According to the OECD Economic Survey of India, India’s economy is coming out of its worst slowdown in a quarter-century, but implementation of new reforms will be key to putting it on a strong and sustainable growth path of 8 per cent.

Salient Features of the Report

  • India’s growth rate, which has languished at below five per cent for the last two fiscal due to high interest rates, stubborn inflation and weak investment, will grow by 6.6 per cent in 2015-16, up from its last forecast of 5.7 per cent growth in May 2014.

  • The economy is to expand by 5.4 per cent this fiscal. India is recovering faster than other economies which faced slowing growth. GDP growth would edge higher to 6.8 per cent in 2016-17.

  • But to achieve 8 per cent growth, India will have to switch subsidy spending to social and physical infrastructure, bring in tax reforms, clean up the banking system to free up funds for infrastructure and reduce structural barriers for job creation by bringing in labour reforms.

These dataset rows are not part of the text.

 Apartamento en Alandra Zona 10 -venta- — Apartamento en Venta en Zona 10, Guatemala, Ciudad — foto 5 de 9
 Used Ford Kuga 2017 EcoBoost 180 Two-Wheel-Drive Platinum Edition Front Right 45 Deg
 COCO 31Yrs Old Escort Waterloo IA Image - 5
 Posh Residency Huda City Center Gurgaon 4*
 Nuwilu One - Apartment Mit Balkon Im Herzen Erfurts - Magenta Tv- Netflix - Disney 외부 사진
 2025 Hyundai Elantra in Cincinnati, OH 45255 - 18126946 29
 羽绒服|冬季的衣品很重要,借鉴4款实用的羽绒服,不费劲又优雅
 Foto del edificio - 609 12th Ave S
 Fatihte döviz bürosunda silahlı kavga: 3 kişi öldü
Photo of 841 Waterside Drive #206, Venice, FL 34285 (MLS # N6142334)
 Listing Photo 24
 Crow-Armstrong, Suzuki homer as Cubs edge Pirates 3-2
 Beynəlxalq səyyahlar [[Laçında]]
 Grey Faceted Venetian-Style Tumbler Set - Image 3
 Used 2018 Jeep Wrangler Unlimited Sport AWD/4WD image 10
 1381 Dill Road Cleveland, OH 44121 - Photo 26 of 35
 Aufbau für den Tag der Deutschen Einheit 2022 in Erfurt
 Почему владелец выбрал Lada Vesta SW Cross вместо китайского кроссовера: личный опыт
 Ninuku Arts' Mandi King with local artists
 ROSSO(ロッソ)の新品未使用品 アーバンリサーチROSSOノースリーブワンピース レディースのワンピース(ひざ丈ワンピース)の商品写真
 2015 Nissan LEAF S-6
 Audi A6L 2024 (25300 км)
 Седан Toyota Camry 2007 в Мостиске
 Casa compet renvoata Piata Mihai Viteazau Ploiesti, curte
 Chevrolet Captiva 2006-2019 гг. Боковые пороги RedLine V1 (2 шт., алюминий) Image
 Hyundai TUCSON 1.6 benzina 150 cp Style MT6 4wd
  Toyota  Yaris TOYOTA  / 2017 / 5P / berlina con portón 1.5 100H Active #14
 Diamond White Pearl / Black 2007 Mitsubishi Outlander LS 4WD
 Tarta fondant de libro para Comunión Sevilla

  • OECD pushed for early implementation of the Goods and Services Tax (GST) to improve public finances and also stressed on the need for India to improve the quality of its fiscal consolidation both by the Centre and the states.

  • Predicting inflation to fall to 5.4 per cent in next fiscal and nudge higher to 5.6 per cent in the following year, the OECD Survey stressed on the need for India to adopt a flexible inflation targeting framework. Inflation in 2014-15 was pegged at 6.9 per cent.

  • Structural reforms would raise India’s economic growth. In their absence, however, growth will remain below the 8 per cent rate achieved during the previous decade.

  • Infrastructure bottlenecks, cumbersome business environment, complex and distorting taxes, inadequate education and training and outdated labour laws are increasingly impending growth and job creation.

  • India should formally adopt a flexible inflation-targeting framework, which will help contain inflation expectations and provide support for saving and investment.

  • Gender-specific policies, including better implementation of gender-related laws on employment and wages, will be necessary to enlarge economic opportunities for women.

  • More and better jobs for women would raise equity and boost growth by over 2 percentage points annually.

  • It will be critical for India to reduce barriers to manufacturing growth, which has contributed relatively little to growth of GDP or exports.

  • Also there is a need for better quality jobs for people working in informal sector as well as to provide employment for massive influx of young people over the coming decades.